• TASK INSTRUCTIONS
Transcribe the entries below exactly; leave every image out.

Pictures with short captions
Content starts

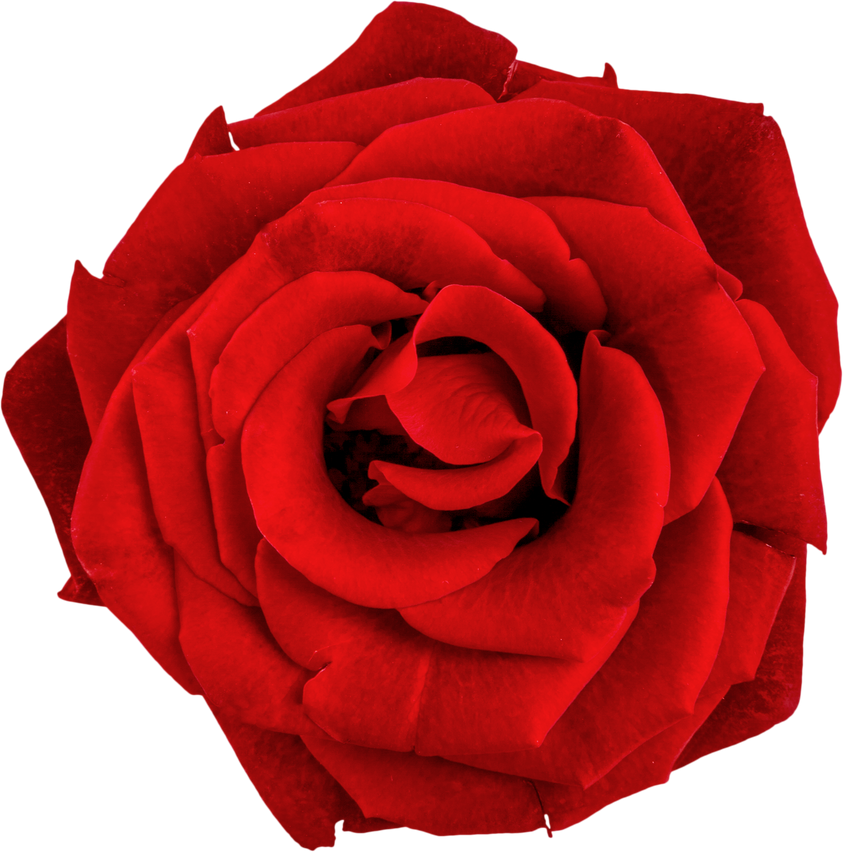 Head of Red Rose - Isolated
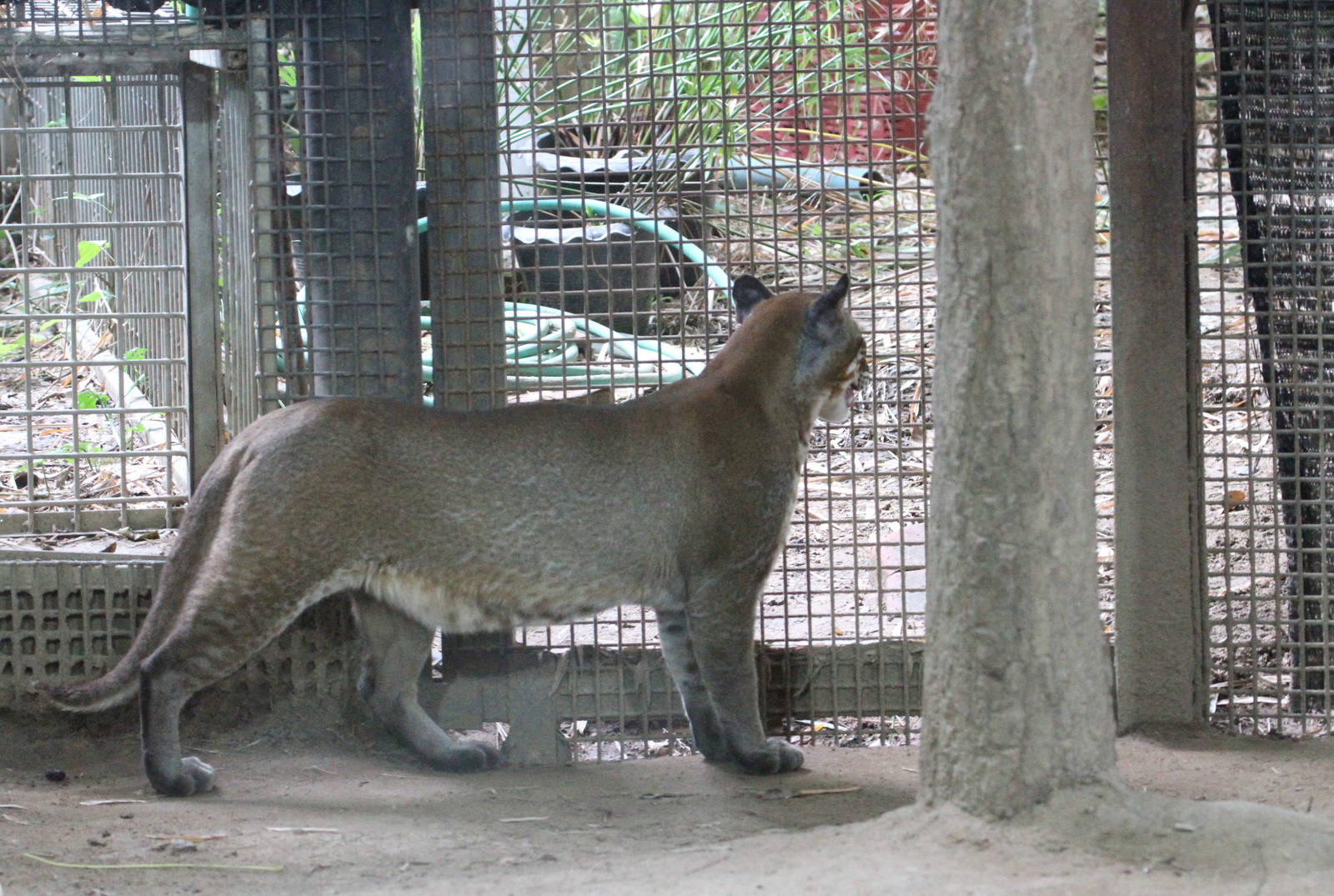 Asiatic Golden Cat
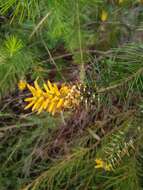 Image of Persoonia pinifolia R. Br.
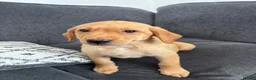 Labrador Retriever dogs for sale: Beautiful KC registered Labrador retriever puppies in Swansea - Advert 2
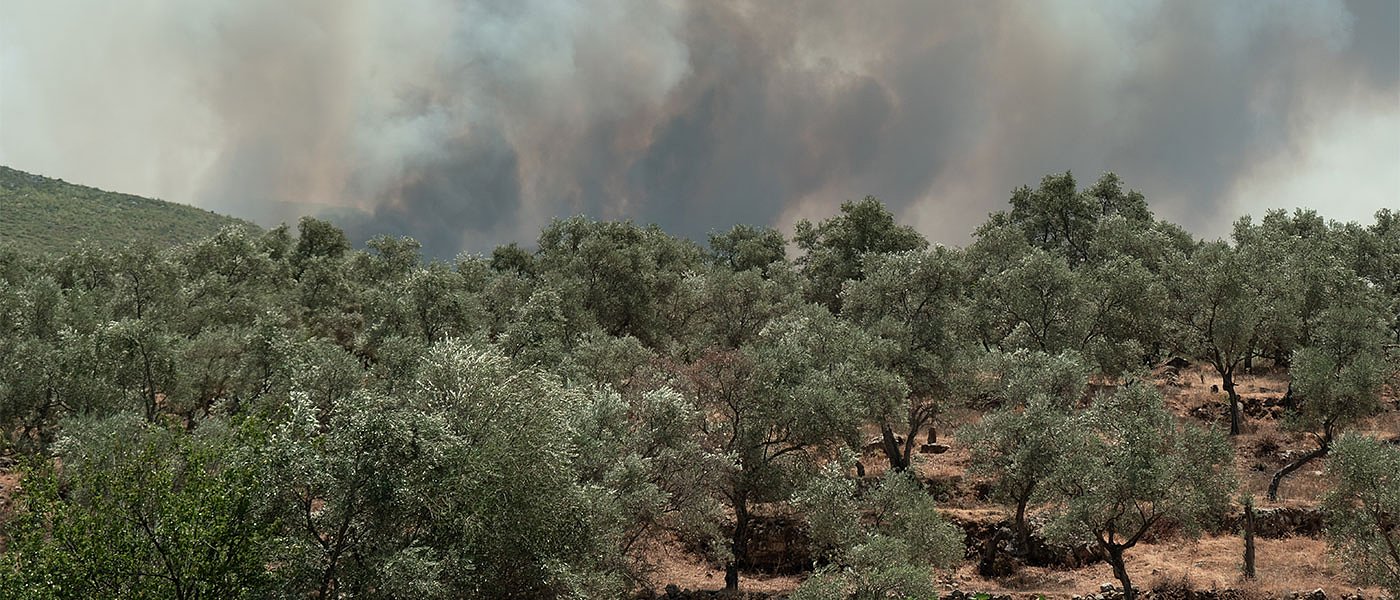 375.000 ελαιόδεντρα έκαψε η φωτιά του Αυγούστου στην Ηλεία, ξεκρέμαστοι χιλιάδες αγρότες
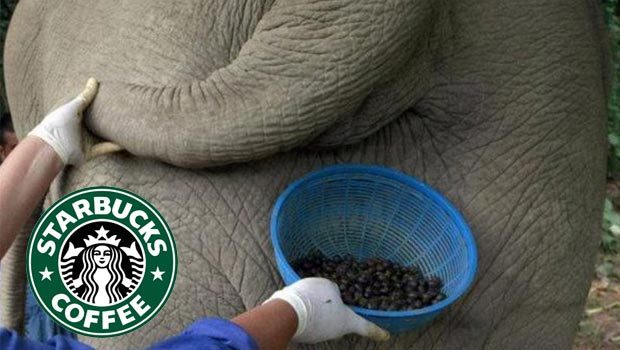 Starbuckssız nasıl yaşıyorsunuz?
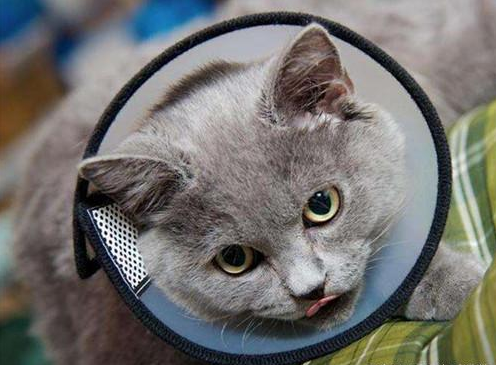 英短什么时候爆毛 英短蓝猫爆毛正常吗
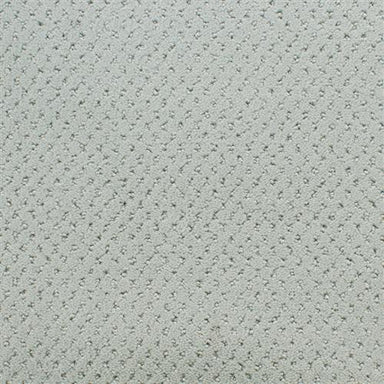 Power Point in Rainsong Carpet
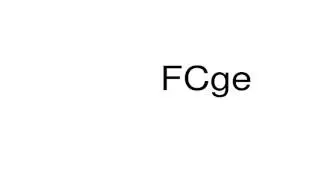 How to pronounce FCge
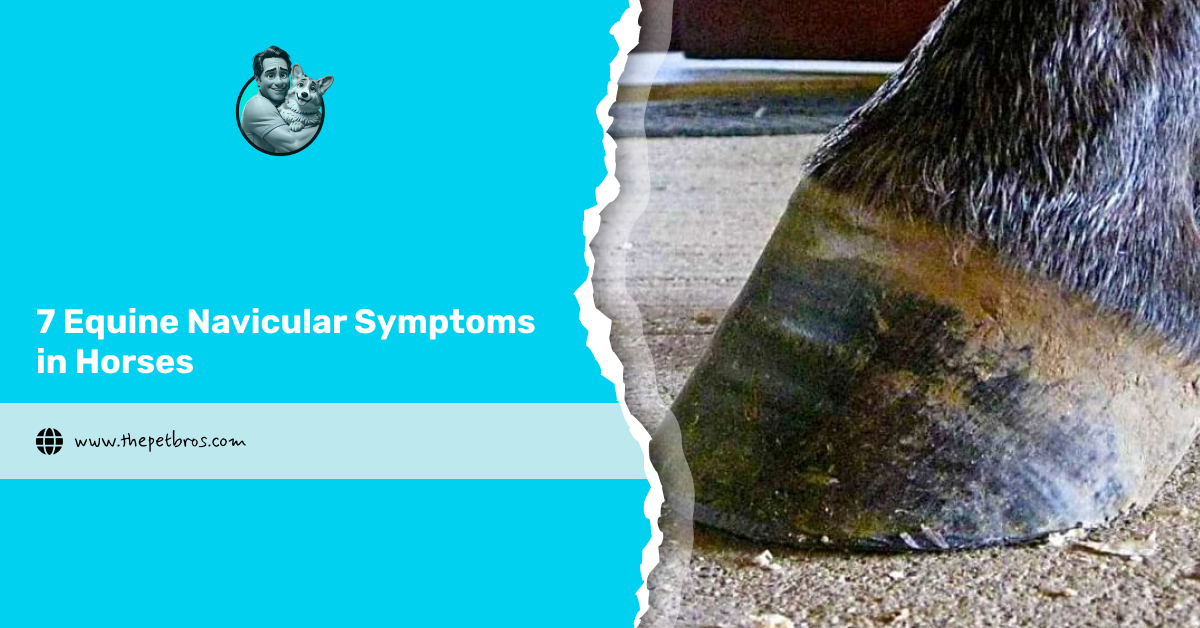 7 Equine Navicular Symptoms in Horses
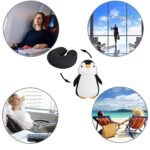 kelionine-automobilio-pagalve-penguin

Content ends

• TASK RESULT
 Head of Red Rose - Isolated
 Asiatic Golden Cat
 Image of Persoonia pinifolia R. Br.
 Labrador Retriever dogs for sale: Beautiful KC registered Labrador retriever puppies in Swansea - Advert 2
 375.000 ελαιόδεντρα έκαψε η φωτιά του Αυγούστου στην Ηλεία, ξεκρέμαστοι χιλιάδες αγρότες
 Starbuckssız nasıl yaşıyorsunuz?
 英短什么时候爆毛 英短蓝猫爆毛正常吗
 Power Point in Rainsong Carpet
 How to pronounce FCge
 7 Equine Navicular Symptoms in Horses
 kelionine-automobilio-pagalve-penguin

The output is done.